ASP.NET 2.0 Providers Toolkit

So it has been a long while since I last blogged. I have been buried under a project and am just now lifting my head back above the water. In the interim, the ASP.NET team has just released the first of a set of providers for ASP.NET 2.0. The first one is the Access provider (in source form and under a Shared Source license), and it will be followed by providers for SQL Server, SQL Express, and Windows AD.  All good stuff.

Also, I'm looking forward to the kick off of OSCON tomorrow in my home town of Portland, OR.  It should be a great show as usual and I'm glad to be a sponsor again this year. I'll be writing about what I see and hear at the show.

Comments (1)

  1. Wesley Parish says:

    Good to see you back posting! I was afraid we’d scared you off! 😉

    The major two questions I’ve got about the ASP.NET providers you’re releasing is, the source code license you’re releasing it under – is it business-friendly and GPL-compatible? And the SQL-Server ASP.NET provider – is that a generic SQL provider, or is it a strictly MS SQL-Server provider?

    Or to put it another way, Microsoft has been making noises recently about becoming more compatible, and demanding Open Source Software be more compatible with Microsoft, etc … not that anyone actually believes what Microsoft top brass say any more. We’re looking at what Microsoft’s own development teams actually produce – that’s where the rubber hits the road.

    And with a huge number of web-sites dependent on MySQL, those of us responsible for running (setting up, maintaining, altering, bugfixing) [LWS]AMP web-sites through a Windows front-end, are wondering if Microsoft still doesn’t trust its tyres on the public roads.

    (OOPS! I’ve just checked the license at and this:

    "(iii) that if the Licensee Software is distributed beyond Licensee’s premises or externally from Licensee’s organization, to distribute the Licensee Software containing the MS Samples pursuant to an end user license agreement (which may be "break-the-seal", "click-wrap" or signed), with terms no less protective than those contained in this EULA".
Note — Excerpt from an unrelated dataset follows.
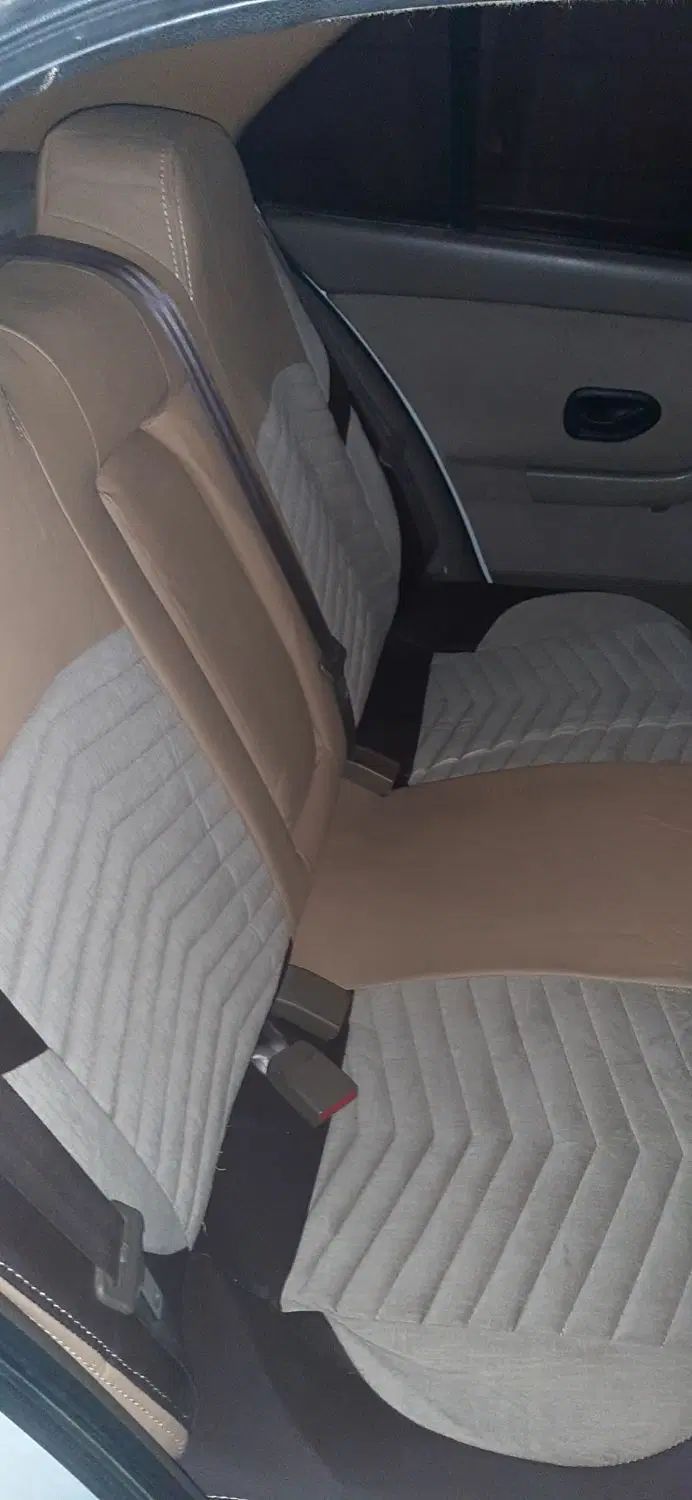 سمند LX XU7 - 1398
    What on earth were the lawyers who drew these license terms up, smoking? If the software concerned is part of a network-enabled server package designed to be accessible to the general public via the Internet, then none of those terms can apply. Shrinkwrap doesn’t scale to the Internet, sorry.

    This whole issue of network-accessible software, etc, has been through the FSF etc, and been thoroughly argued on both sides of the question. So no one can plead ignorance.)